The redact_for_github.py script scans files for sensitive patterns
(user paths, emails, UUIDs in identity contexts, tokens, API keys,
IP addresses) and produces clean copies with placeholders. Run it on
any file before sharing publicly.
All findings in the guide and in docs/ are verifiable by following
the procedures on your own accounts using standard browser developer
tools. Nothing in this repo requires unauthorized access or special
privileges.
The methodology documented in docs/AI_FORENSIC_METHODOLOGY.md and
docs/AI_FORENSIC_TECHNICAL_DOC.md is fully reproducible by any
researcher with an authenticated paid account on the target platform,
Google Chrome, a screen recording tool, and approximately 30-45
minutes per platform.
This repository and its contents are provided for educational and research purposes only, as-is without warranty of any kind.

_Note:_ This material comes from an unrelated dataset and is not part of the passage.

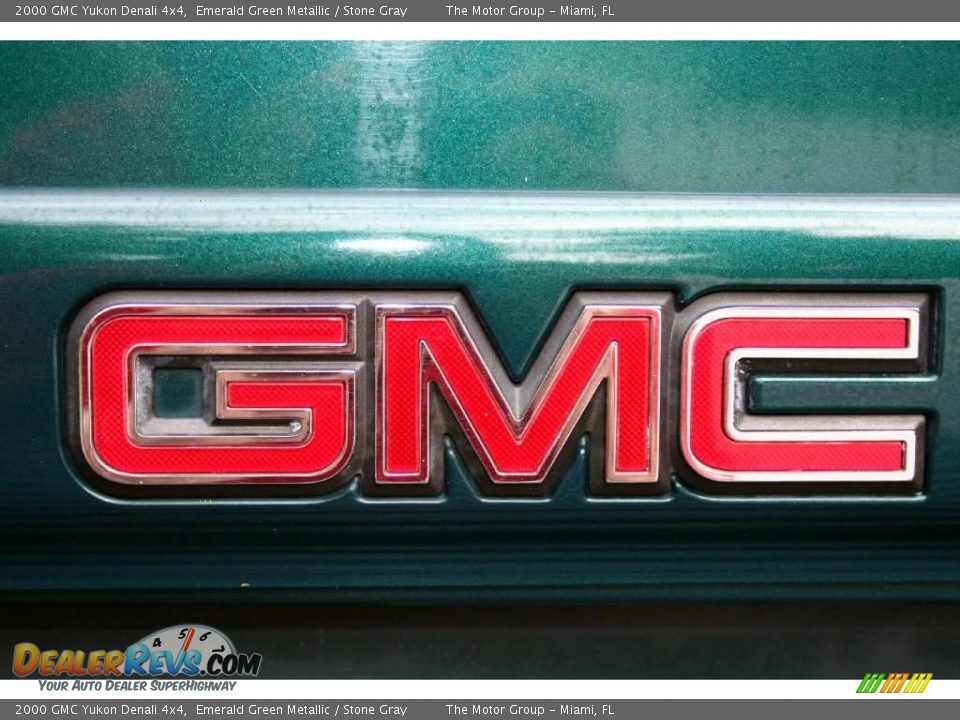 2000 GMC Yukon Denali 4x4 Emerald Green Metallic / Stone Gray Photo #29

The author is not a lawyer and nothing here constitutes legal advice. Platform architectures may change at any time. Use at your own risk. See the guide's Disclaimer section and LICENSE for full terms.
MIT License. See LICENSE for details.
Work conducted between January and March 2026. The evaluation frameworks and measurement methods built on top of these findings are the subject of ongoing research to be published later this year.